Rupee ended lower, Dollar edges up vs. major currencies
Thursday,
08-Dec-2022
04:06 PM (IST)
The Indian rupee ended the session lower at 82.42/43 levels compared to its opening at 82.27/28 levels after touching the low of 82.47/48 levels due to weakness in the broader markets over worries of a slowdown in developed economies. Rupee had opened higher today following gains from softer crude prices and a sombre dollar. State-run banks were seen bidding for dollars on behalf of oil marketing companies through the session as crude slumped. Rupee traded in the range of 82.27-82.47 levels. The rupee was sold heavily ahead of the Reserve Bank of India's (RBI) decision on Wednesday, but has found some stability after the central bank hiked rates and took a hawkish stance. An overnight drop in U.S. yields and oil prices helped the currency, but the mood was tempered on concerns over higher interest rates sparking a recession in the United States and other developed economies. Asian currencies closed between marginally weak to slightly higher, while global equities mostly declined. The Chinese Yuan and shares fell, even as COVID rules were relaxed in the country. USD/INR premiums were unchanged from Wednesday, with the 1-year forward implied yield holding the 1.76% level it jumped to after RBI's monetary policy decision. Indian government bond yields ended higher for a fifth consecutive session, as sentiment remains cautious after a hawkish monetary policy and traders await fresh supply of debt through a weekly auction on Friday. The S&P BSE Sensex closed at 62,571, up 160 points or 0.26%. The NSE Nifty closed 49 points, or 0.26%, higher at 18,609. In the forward segment 1mth, 3mth and 6mth annualized premia ended the day at 1.82%, 1.83% and 1.92% respectively.

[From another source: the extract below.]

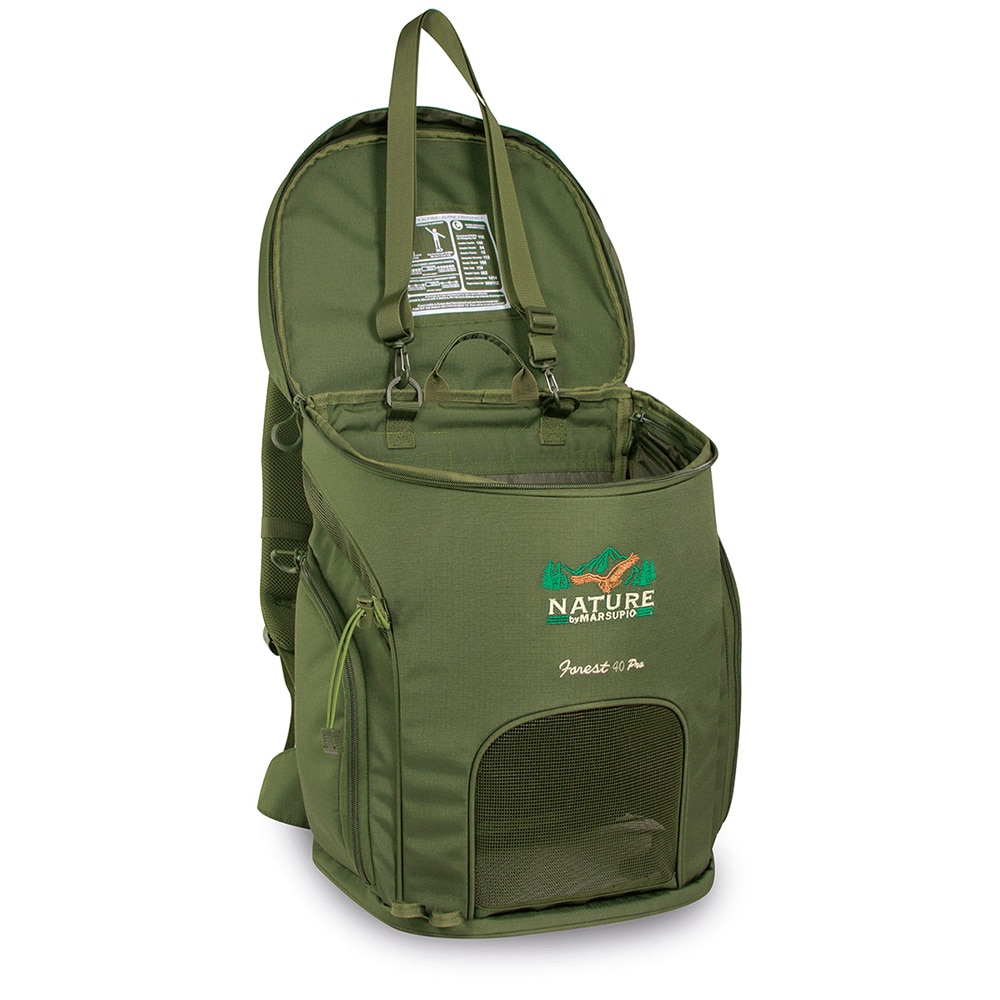 Mochila de montaña Forest 40 L Marsupio - Verde Verde-2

The dollar edged up on Thursday, supported by a push higher in U.S. Treasury yields, as investors weighed the outlook for Federal Reserve policy against the chances that high interest rates could lead to a recession. Next week brings a raft of major central bank decisions, including those from the Federal Reserve, the European Central Bank and the Bank of England. The key question for traders and investors is whether inflation has reached a peak, giving policymakers more scope to deliver smaller interest-rate rises over the coming months. U.S. monthly consumer inflation is also due next week, one day before the Fed's policy meeting on Dec. 14, and could be pivotal in setting longer-term expectations for monetary policy. The dollar was broadly steady against a range of major currencies. The euro was last flat against the greenback at $1.0493, while the pound eased to $1.2171. The yen, which is highly sensitive to shifts in U.S. Treasury yields, fell 0.25% to 136.90, surrendering some of Wednesday's 0.4% gain. The yield on the 10-year Treasury has fallen almost continuously since hitting a 15-year high in late October, having shed almost a full percentage point. In fact, it's unwound around half the rise that took place between August's four-month lows and October's peak around 4.34%. Meanwhile, oil prices have fallen below $80 a barrel for the first time since Russia invaded Ukraine in late February, as concern has mounted about how much a slowing economy will impact global energy demand. Meanwhile, the Yuan hovered close to an almost three-month high after China announced another loosening in some of its highly restrictive COVID restrictions. The U.S. dollar edged 0.1% higher to 6.9670 Yuan in offshore trading, clawing back some of its 0.34% decline from Wednesday, when the Chinese government announced a relaxation of some COVID-19 measures that have badly hampered the economy.